MY MOTHER'S HAIRBRUSH, PAINTING, & VIOLIN


Painting by my mother, Evelyn Brumbaugh
My mother lives in a care home these days because she must. Most of our visits have few activities, and I do most of the talking. What is meaningful, though, is being together. We have our routine. After greeting Mother with a hug, I gravitate to her nightstand. A purple brush is next to a black comb in its drawer.
     I grab the set and then begin to brush my mother’s hair. Mother has soft, curly, gray hair. I style her hair until it puffs out nicely and gently frames her face, just the way she used to wear it. A dab of lipstick on and she looks lovely. She smiles at me when I am done and thanks me. This is my favorite part of the visit.
My mother is an artist at heart. No longer does a painter’s brush move across the canvas, but I remember her at work on her beautiful paintings. Every dip of the paintbrush and dab of paint added to the scene set before her, whether a rose, an ocean view, a mountain cabin in the pines, or a pond with lilies surrounding it. They were beautiful.

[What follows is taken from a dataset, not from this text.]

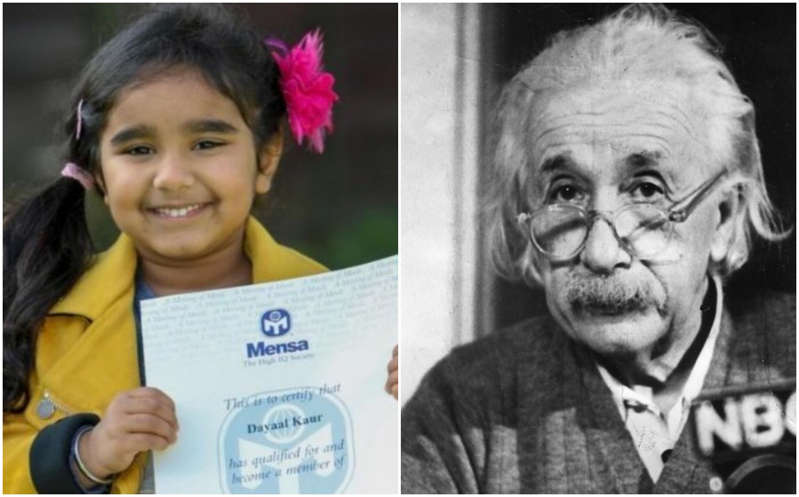 ¡Pequeña genio! Niña de tres años tiene un IQ casi igual al de Albert Einstein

Mother’s other love, her violin, now rests in quiet repose in its case between the piano and living room wall. An oval framed photograph from long ago of my mother’s violin teacher as a young woman wearing a chiffon gown, hangs on the wall. I knew that some day the orchestra concerts would come to an end, and I wouldn’t be ready. And that is exactly how it played out.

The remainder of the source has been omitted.